Mujica habla de visiones contrapuestas sobre el proceso que desembocó en la dictadura, afirma que “todas valen” y concluye que quienes tienen opiniones distintas deben aprender a “convivir”, asumir un común denominador por encima de la diversidad de pareceres y abordar juntos tareas que construyan unidad nacional, en aras de que -como dijo en la base de Santa Bernardina el 16 de marzo- “nuestros hijos sean mejores que nosotros”.

El presidente suele plantear que las opiniones sobre este asunto son básicamente dos, y eso le permite aludir a la idea, tan enraizada en nuestro país, de que cualquier contradicción fuerte se puede relativizar, evitando “caer en los extremos”. Sin embargo, la descripción que hace Mujica de esos presuntos extremos es muy peculiar, ya que de un lado ubica a quienes demandan justicia, identificándolos a menudo con los familiares de víctimas de la dictadura, y del otro abre un amplio abanico, en el que incluye a quienes quieren “dar vuelta la página” y a los que consideran que las Fuerzas Armadas cumplieron con su deber contra “la subversión”.

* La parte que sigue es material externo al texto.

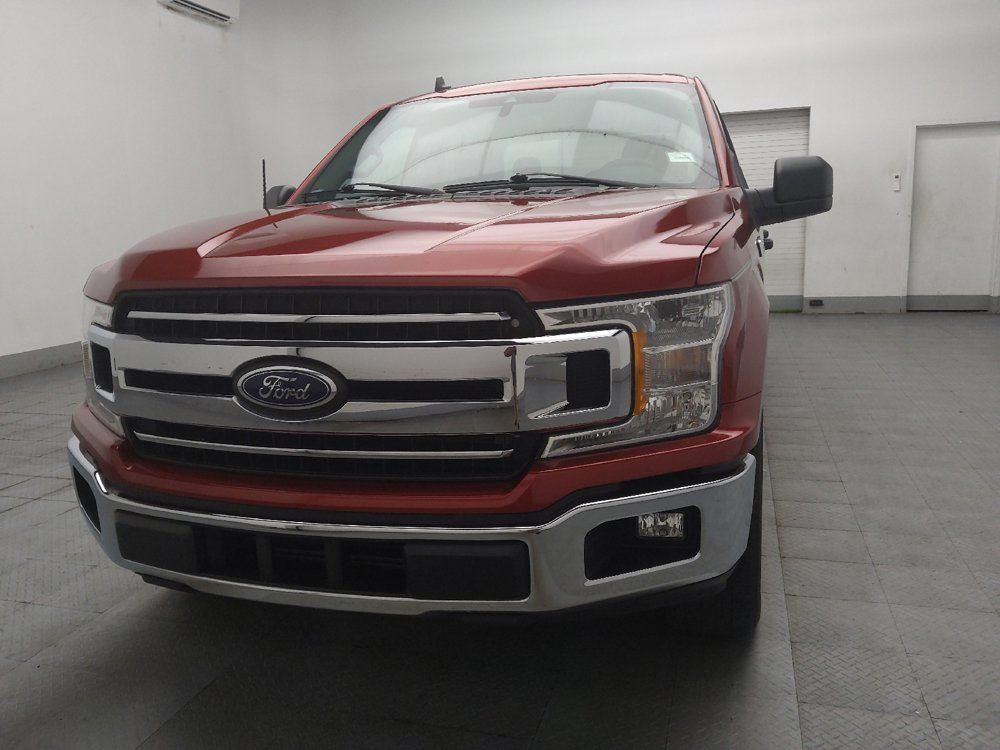 Used 2020 Ford F150 XLT RWD image 15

En ese escenario faltan o son menospreciados otros actores. Con seguridad el presidente no piensa que fueron familiares de víctimas todos los votantes del Sí a la reforma constitucional que buscaba anular la Ley de Caducidad (o sea, cerca de la mitad de la ciudadanía). Pero si no piensa eso, ¿qué piensa de las personas que expresaron su deseo de justicia sin haber sido perjudicadas en forma directa? ¿Cree que obraron sin reflexionar o que fueron manipuladas por un puñado de activistas?

¿Opina quizá Mujica -al igual que el general Manuel Fernández, presidente del Círculo Militar- que el conflicto verdaderamente relevante sigue planteado entre dos bandos que fueron combatientes, cada uno de ellos acompañado por sus allegados cercanos y por quienes reivindican su accionar del pasado? ¿Se considera un observador imparcial de tal conflicto? ¿Cree que se distiende devolviendo banderas, como si fuera un problema entre barras bravas?

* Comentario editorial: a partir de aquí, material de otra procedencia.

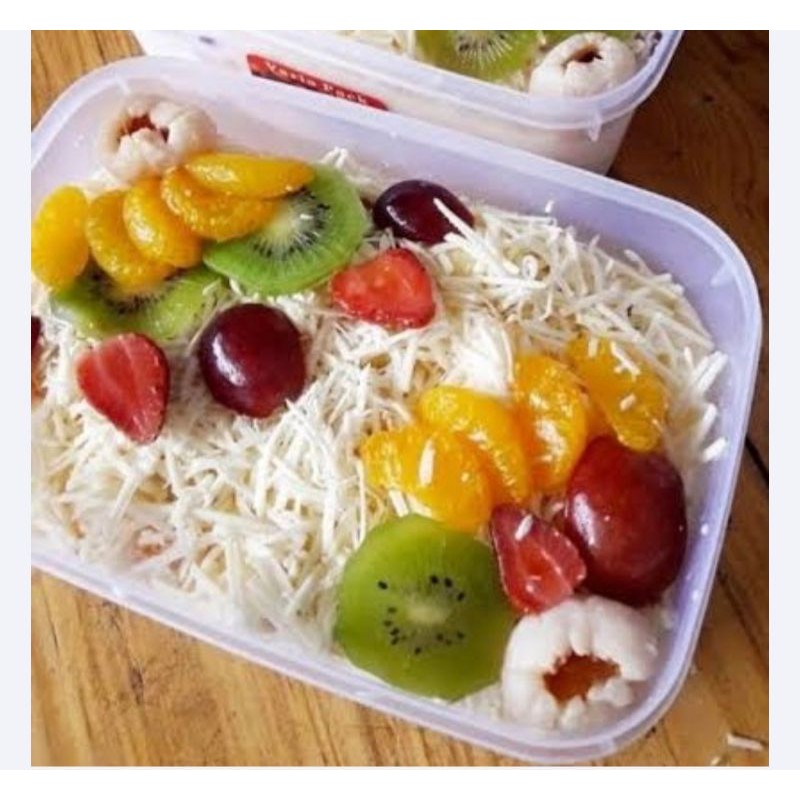 

Salad Buah 600ml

Son preguntas que difícilmente encontrarán respuesta, y sería un atrevimiento atribuirle al presidente ideas que no expresa. En todo caso, el problema principal es que la existencia de delitos gravísimos, que indudablemente constituyeron terrorismo de Estado, no es algo ante lo cual sea legítimo refugiarse en el relativismo, en el liberalismo o en la defensa del respeto a la diversidad. Y eso se debe a las mismas razones por las que no es aceptable sostener, por ejemplo: “Ella se queja de que su pareja le pegó, y él dice que la culpa fue de ella; son puntos de vista”. ¿Qué tarea común podrían asumir, en términos dignos, el golpeador y la golpeada para convivir con esa “diferencia de pareceres”?

Mujica parece, a menudo, convencido de que la reivindicación de la dictadura es una posición institucional e inmodificable de las Fuerzas Armadas. Más allá de que eso puede considerarse agraviante, mientras el poder político siga lejos de afrontar seriamente la cuestión de la formación militar, no tiene derecho a darse por vencido en este terreno.